------ EXTRACTED MATERIAL ------

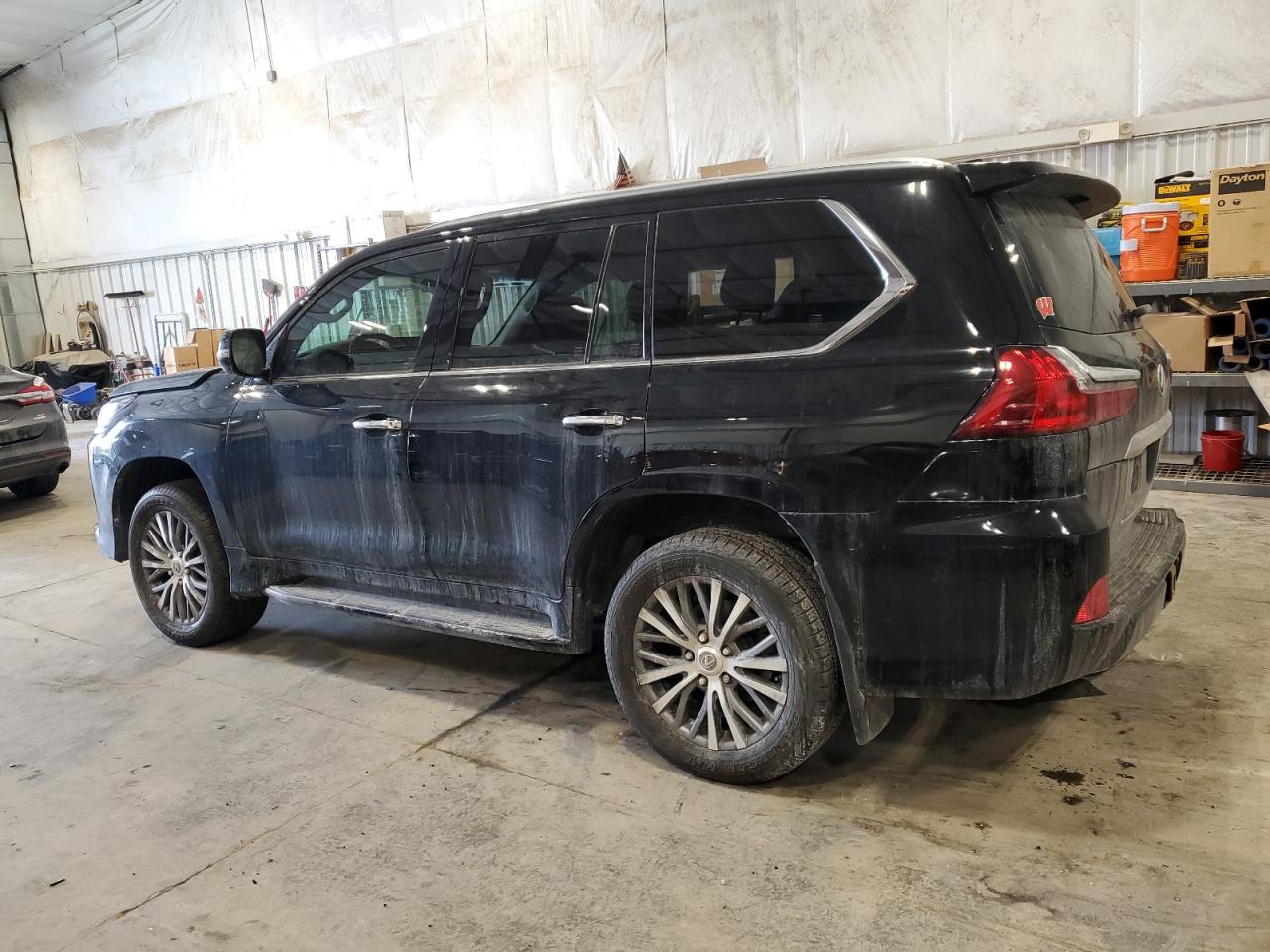 2019 Lexus LX - Image 2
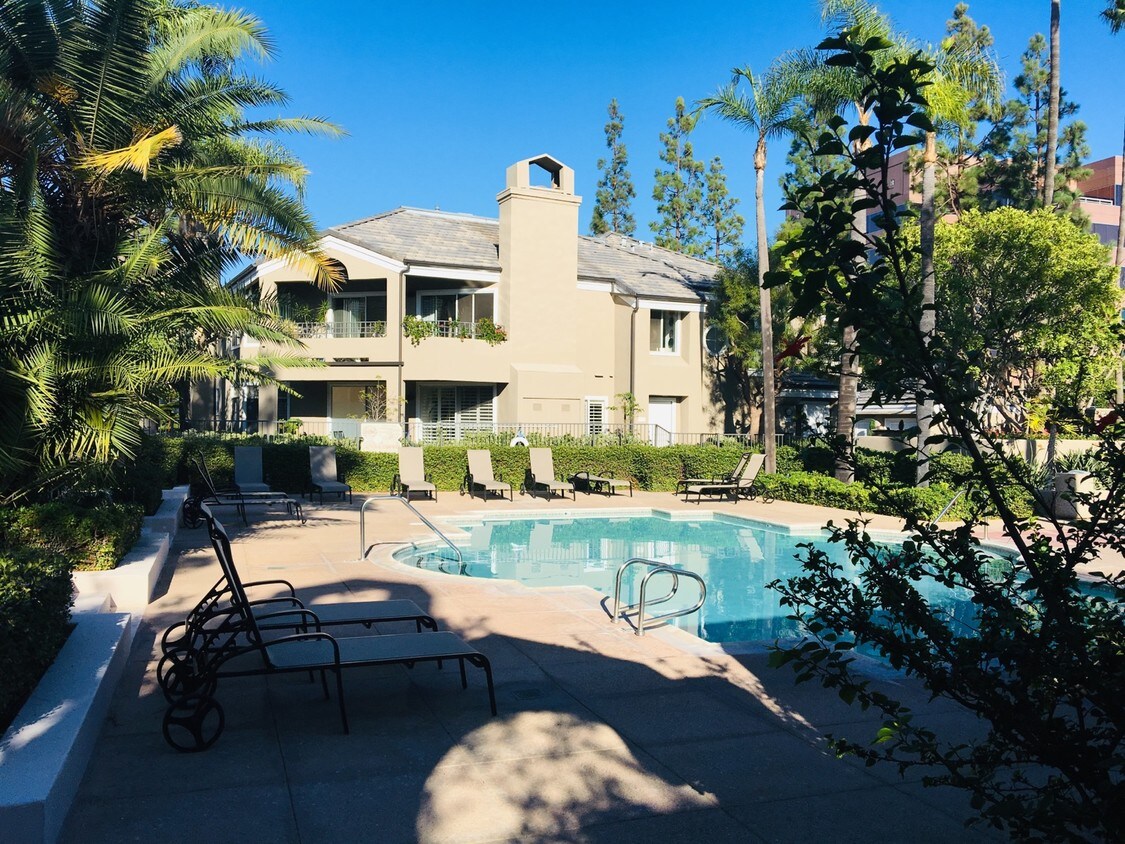 Near pool and spa - 124 Baycrest Ct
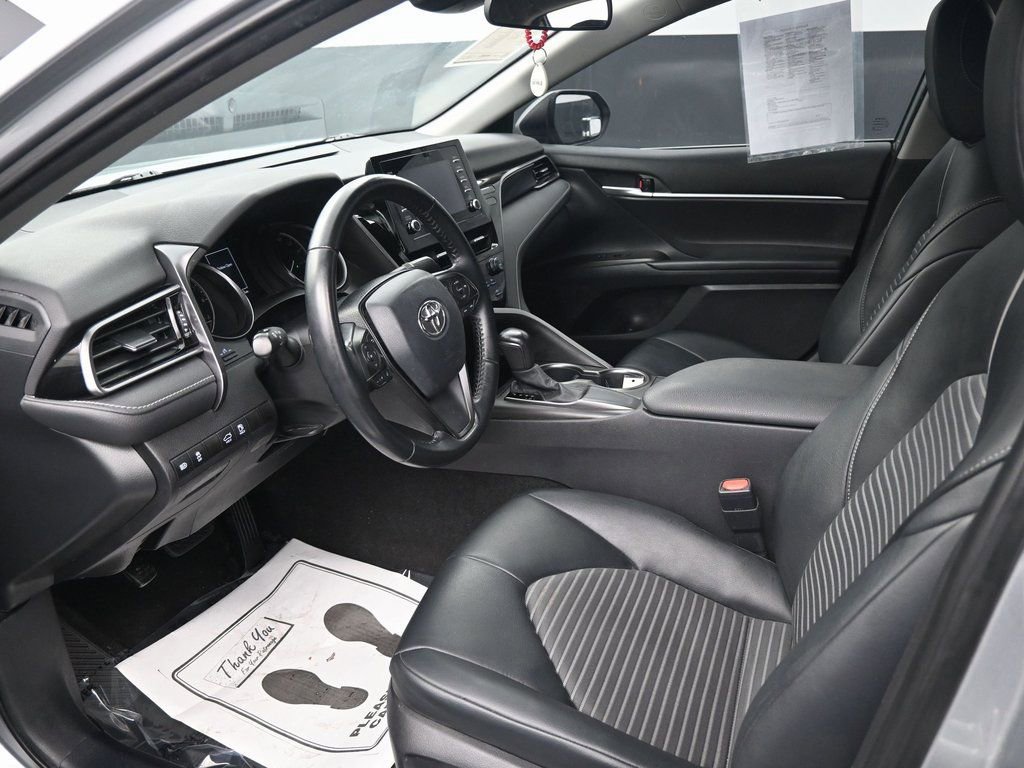 Used 2021 Toyota Camry SE image 19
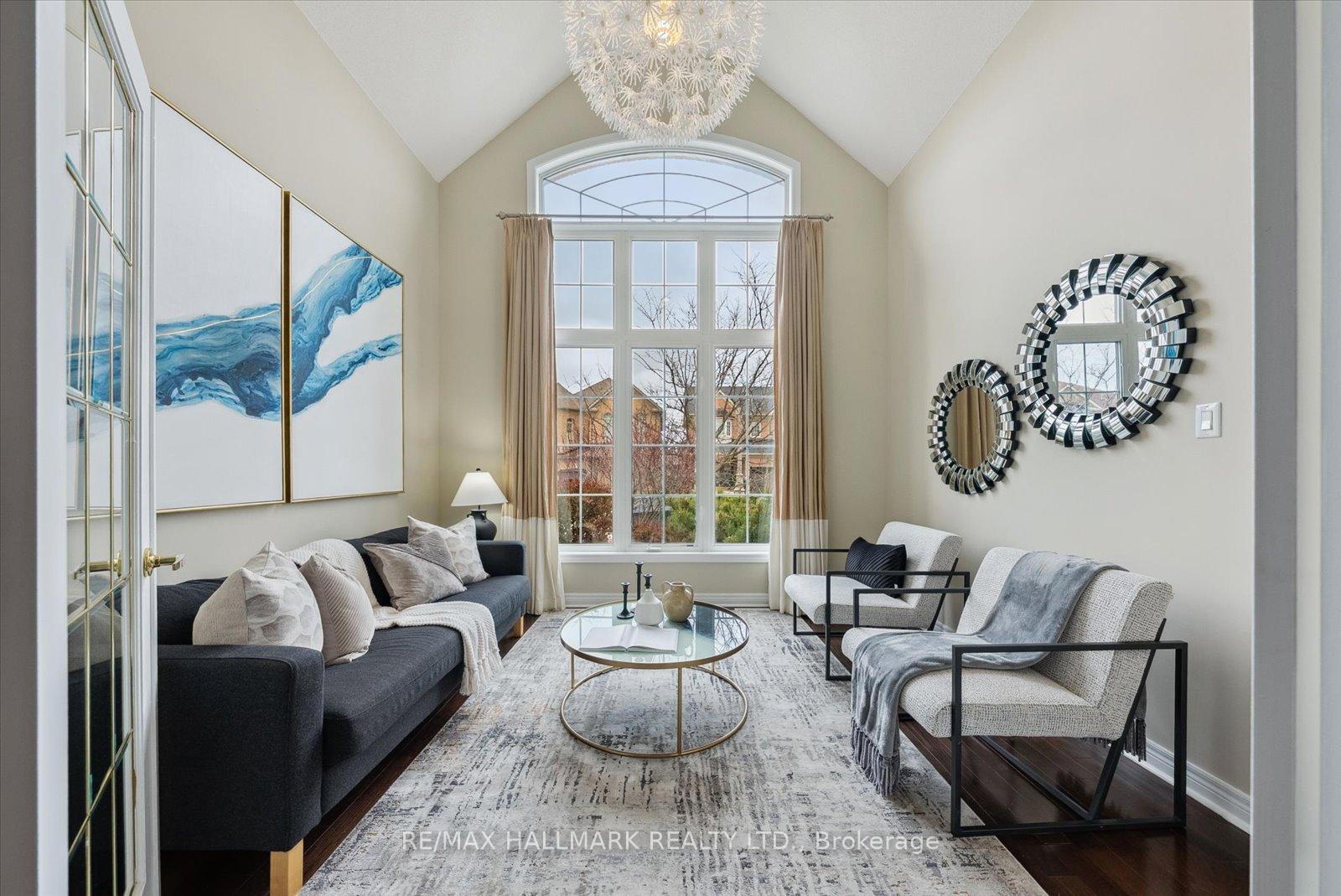 37 Maplebank Crescent, Whitchurch-Stouffville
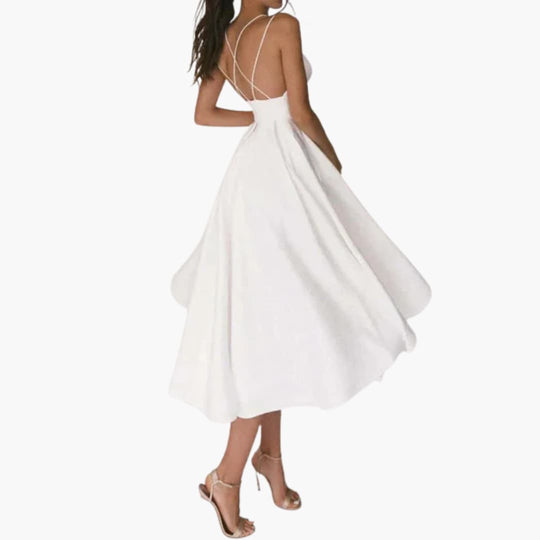 Women’s sleeveless V-neck dress with backless summer design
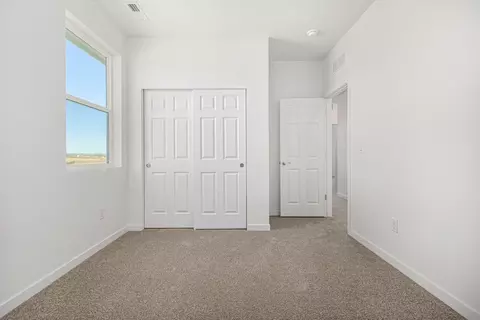 Bedroom - 2631 E 102nd Pl, Thornton, CO 80229 photo 6 of 10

------

◆ **TASK ITEM**:
With the images removed, give back every entry exactly as shown.

◆ **COMPLETED TASK**:
 2019 Lexus LX - Image 2
 Near pool and spa - 124 Baycrest Ct
 Used 2021 Toyota Camry SE image 19
 37 Maplebank Crescent, Whitchurch-Stouffville
 Women’s sleeveless V-neck dress with backless summer design
 Bedroom - 2631 E 102nd Pl, Thornton, CO 80229 photo 6 of 10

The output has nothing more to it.